▶ RECORDS FOR PROCESSING:
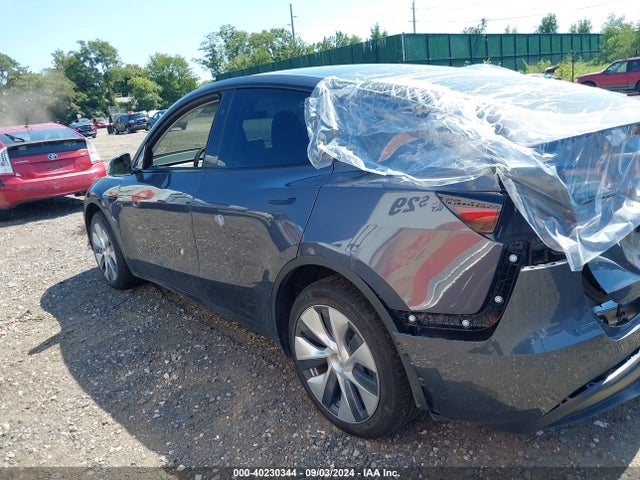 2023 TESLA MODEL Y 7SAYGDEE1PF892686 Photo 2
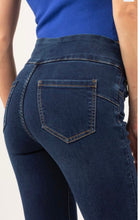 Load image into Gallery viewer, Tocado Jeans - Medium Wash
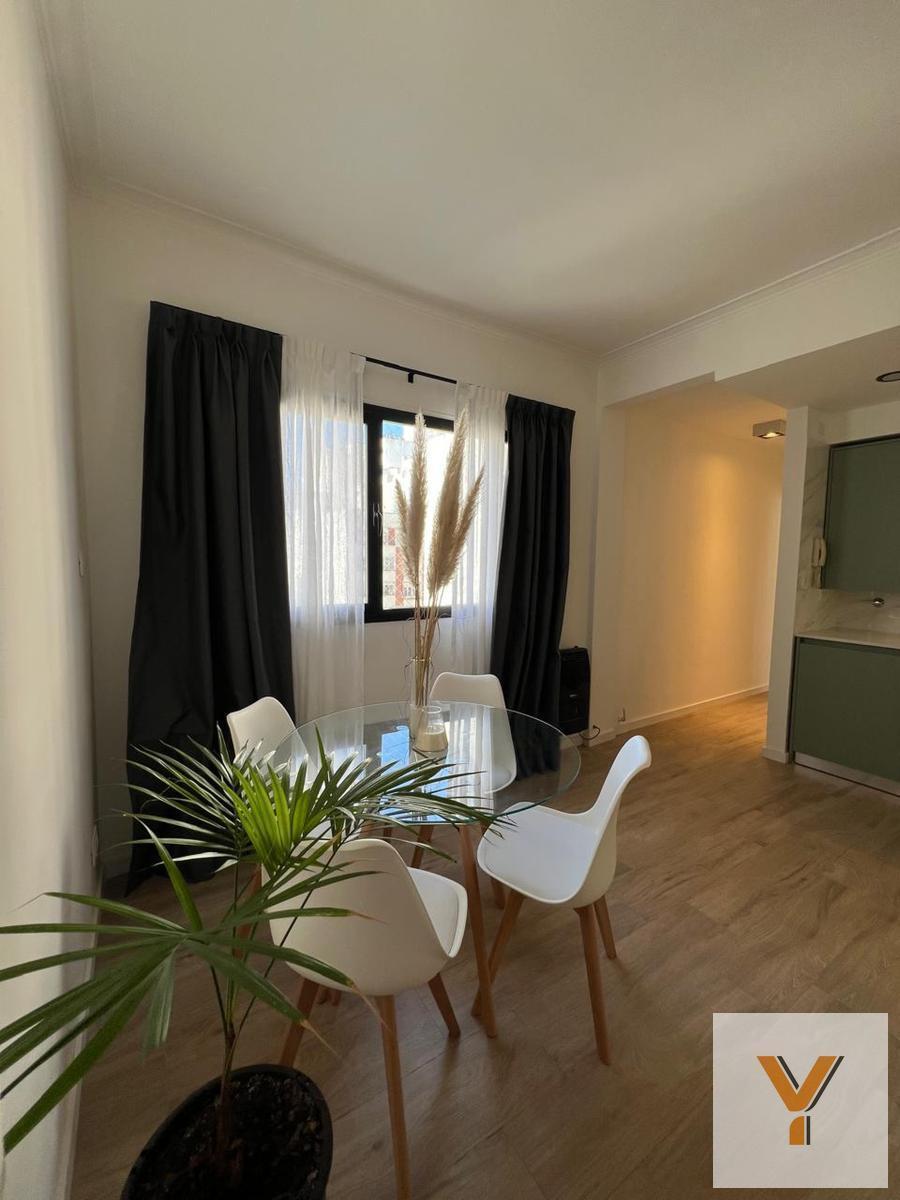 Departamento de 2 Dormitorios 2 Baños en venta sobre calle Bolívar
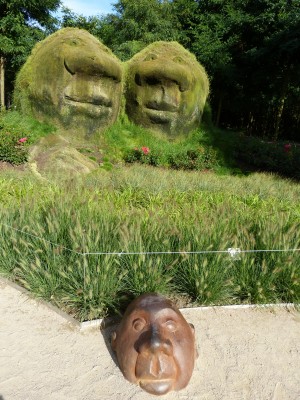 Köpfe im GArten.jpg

==

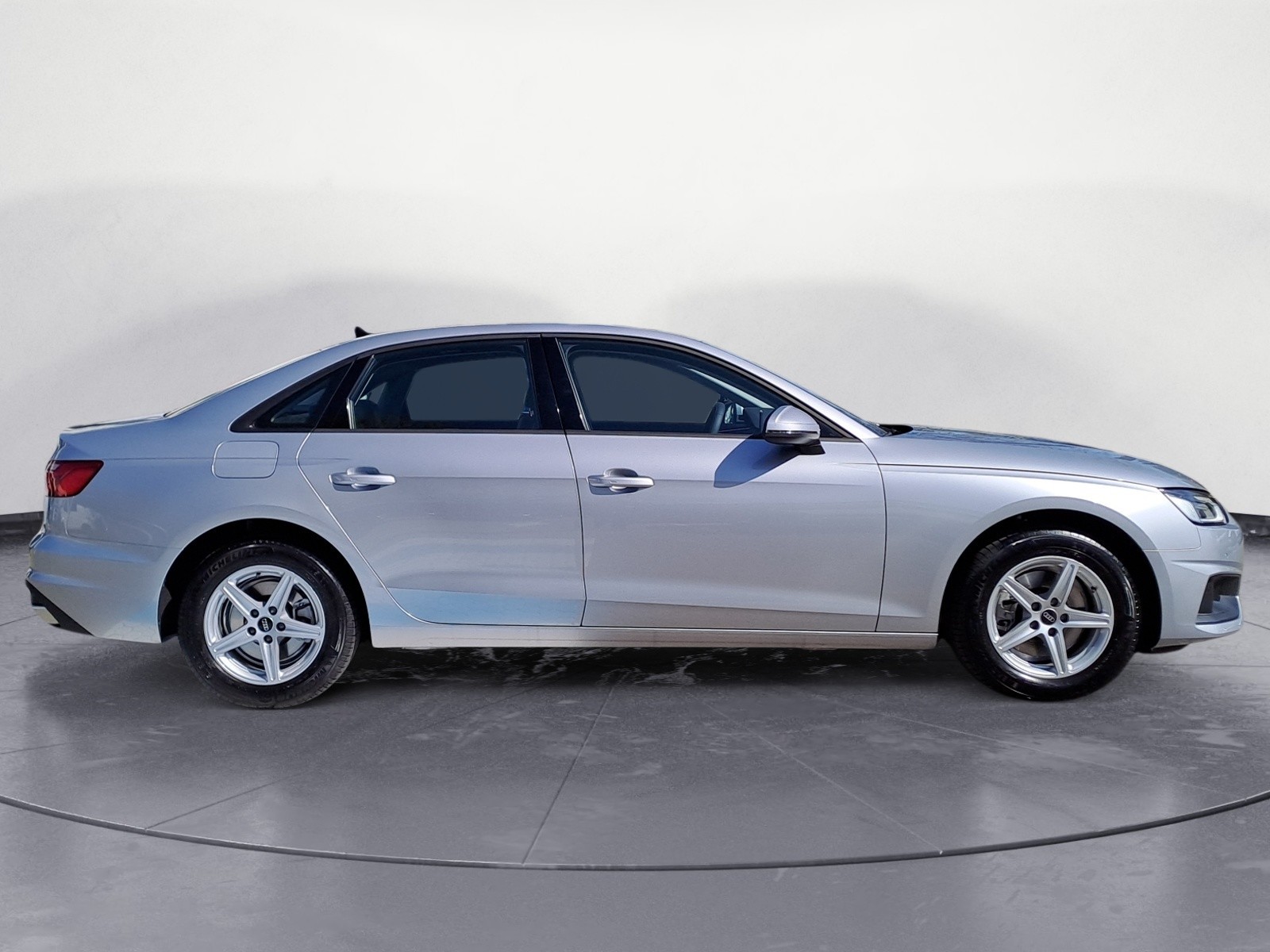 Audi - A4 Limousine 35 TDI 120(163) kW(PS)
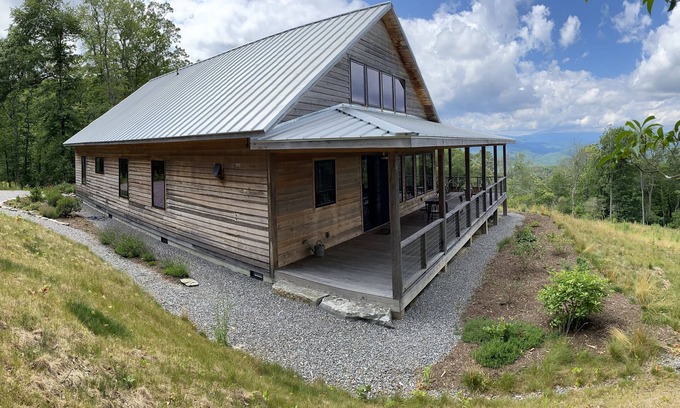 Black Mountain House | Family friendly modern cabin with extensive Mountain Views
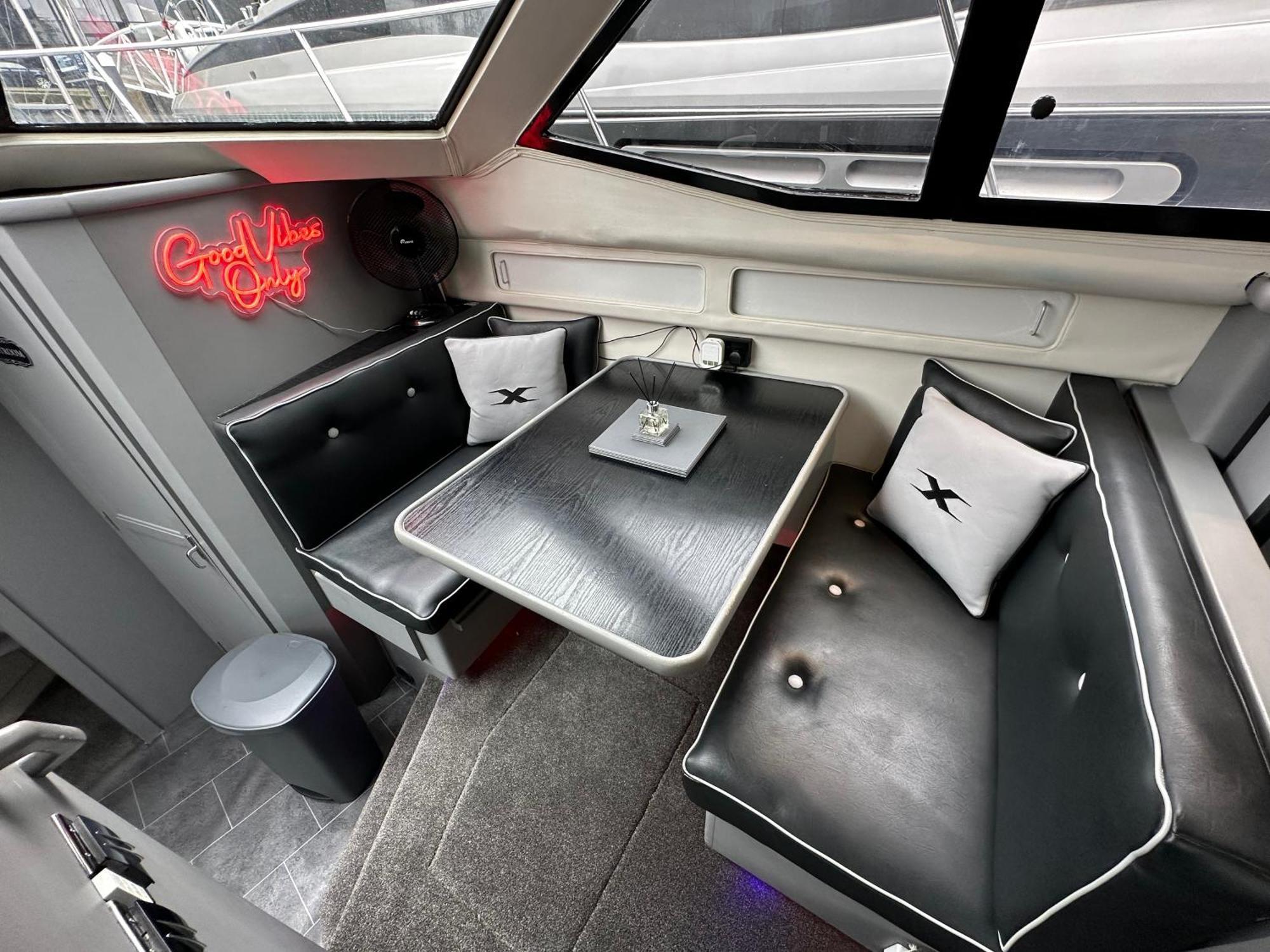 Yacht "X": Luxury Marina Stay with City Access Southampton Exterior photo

▶ WHAT IS NEEDED:
From the records above, copy exactly the lines starting at the one with "Load image into" and ending at the one with "Köpfe im GArten.jpg", and no others. Pictures stay out.

▶ RESPONSE AREA:
 Load image into Gallery viewer, Tocado Jeans - Medium Wash
 Departamento de 2 Dormitorios 2 Baños en venta sobre calle Bolívar
 Köpfe im GArten.jpg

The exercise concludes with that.